* [EXTRACTED RECORDS]
┄┄┄┄┄┄┄┄┄┄

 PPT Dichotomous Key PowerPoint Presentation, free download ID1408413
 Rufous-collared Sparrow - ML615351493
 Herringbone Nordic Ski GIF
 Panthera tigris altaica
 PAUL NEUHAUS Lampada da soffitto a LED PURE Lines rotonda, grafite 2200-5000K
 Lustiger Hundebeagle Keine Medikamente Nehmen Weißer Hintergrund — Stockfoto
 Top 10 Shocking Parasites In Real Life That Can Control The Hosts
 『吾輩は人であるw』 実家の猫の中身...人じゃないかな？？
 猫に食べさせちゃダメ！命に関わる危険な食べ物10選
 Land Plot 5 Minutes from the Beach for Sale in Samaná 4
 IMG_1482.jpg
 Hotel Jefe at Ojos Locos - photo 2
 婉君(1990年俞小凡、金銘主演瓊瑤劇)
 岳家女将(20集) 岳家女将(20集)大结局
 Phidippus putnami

┄┄┄┄┄┄┄┄┄┄

* [EXERCISE DETAILS] Exactly as they appear above, print all the entries.

* [COMPLETED TASK]
 PPT Dichotomous Key PowerPoint Presentation, free download ID1408413
 Rufous-collared Sparrow - ML615351493
 Herringbone Nordic Ski GIF
 Panthera tigris altaica
 PAUL NEUHAUS Lampada da soffitto a LED PURE Lines rotonda, grafite 2200-5000K
 Lustiger Hundebeagle Keine Medikamente Nehmen Weißer Hintergrund — Stockfoto
 Top 10 Shocking Parasites In Real Life That Can Control The Hosts
 『吾輩は人であるw』 実家の猫の中身...人じゃないかな？？
 猫に食べさせちゃダメ！命に関わる危険な食べ物10選
 Land Plot 5 Minutes from the Beach for Sale in Samaná 4
 IMG_1482.jpg
 Hotel Jefe at Ojos Locos - photo 2
 婉君(1990年俞小凡、金銘主演瓊瑤劇)
 岳家女将(20集) 岳家女将(20集)大结局
 Phidippus putnami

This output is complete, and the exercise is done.